# Entropy as ignorance: information entropy

We now proceed to analyse the most general interpretation that can be given of entropy: a "measure" of our "ignorance" about a system. In fact, all the previous interpretations of entropy can be connected to this one: a system in equilibrium maximizes its entropy because we have lost all the information about the initial conditions except for the conserved quantities; therefore maximizing the entropy means maximizing our ignorance about the details of the system. On the other hand the entropy of a mixture of different gases is a measure of the number of the possible configurations of the system, given our ignorance about it.

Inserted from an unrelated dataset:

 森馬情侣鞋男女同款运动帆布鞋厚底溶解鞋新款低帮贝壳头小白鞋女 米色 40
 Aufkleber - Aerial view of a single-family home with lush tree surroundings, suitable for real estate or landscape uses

Therefore, entropy can be regarded as a property not of the system but of our ignorance about the system itself, represented by the ensemble of its possible configurations[1]. We have also always restricted ourselves to systems where our ignorance is maximal, namely where all the allowed configurations are equally probable; but what about systems where we have partial information and some configurations are more probable than others? As we will now see the definition of entropy can be generalized to general probability distributions and finds applications in many other fields of physics and science.

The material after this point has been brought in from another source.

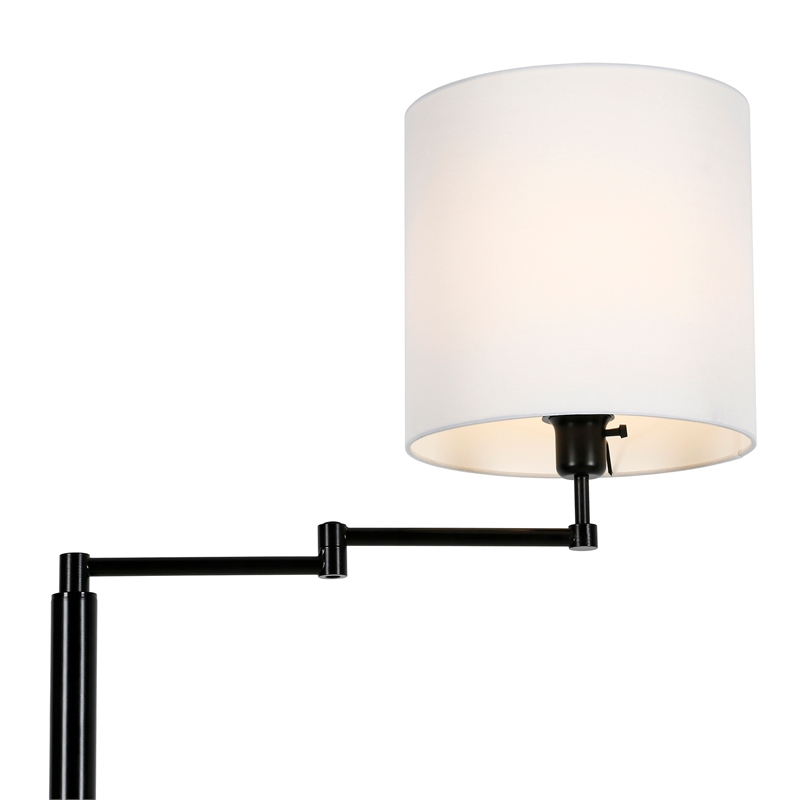 Maklaine Contemporary Metal Swing Arm Lamp Drum Shade in Black and Bronze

In the microcanonical ensemble we have seen that the number of allowed states for a system of energy ${\displaystyle E}$ is the volume ${\displaystyle \Omega (E)}$ in phase space of the hypersurface of constant energy ${\displaystyle E}$, and that the phase space probability density is ${\displaystyle \rho =1/\Omega (E)}$ on this surface. From this we have defined the entropy as ${\displaystyle S=k_{B}\ln \Omega (E)=-k_{B}\ln \rho }$; formally we can write[2]:

${\displaystyle {\frac {S}{k_{B}}}=-\sum _{i=1}^{\Omega (E)}\rho \ln \rho =-\left\langle \ln \rho \right\rangle }$
We could therefore argue that if a system is described by a general phase space probability density ${\displaystyle \rho (\mathbb {Q} ,\mathbb {P} )}$ (which can also describe the system out of equilibrium, so in general ${\displaystyle \rho }$ can explicitly depend on time) its entropy can be defined as:
${\displaystyle S=-k_{B}\left\langle \ln \rho \right\rangle =-k_{B}\int {\frac {d\Gamma }{h^{3N}N!}}\rho (\mathbb {Q} ,\mathbb {P} )\ln \rho (\mathbb {Q} ,\mathbb {P} )}$
(where we are implicitly assuming that ${\displaystyle \rho }$ has been adimensionalized so that ${\displaystyle \ln \rho }$ makes sense). We can immediately see that we recover the original definition of entropy in the microcanonical ensemble by substituting ${\displaystyle \rho ={\text{const.}}=1/\Omega (E)}$:

${\displaystyle S=k_{B}\int {\frac {d\Gamma }{h^{3N}N!}}{\frac {\ln \Omega (E)}{\Omega (E)}}=k_{B}{\frac {\ln \Omega (E)}{\Omega (E)}}\underbrace {\int {\frac {d\Gamma }{h^{3N}N!}}} _{\Omega (E)}=k_{B}\ln \Omega (E)}$
1. Note that entropy can be indeed regarded as a measure of ignorance or equivalently information, but it does not distinguish the utility of that information. In other words, having a lot of information from the point of view of entropy does not mean we have useful information about a system.
2. As we will see in A niftier framework for the statistical ensembles, this definition of entropy allows to derive in a systematic way the canonical and grand canonical ensembles from the microcanonical one.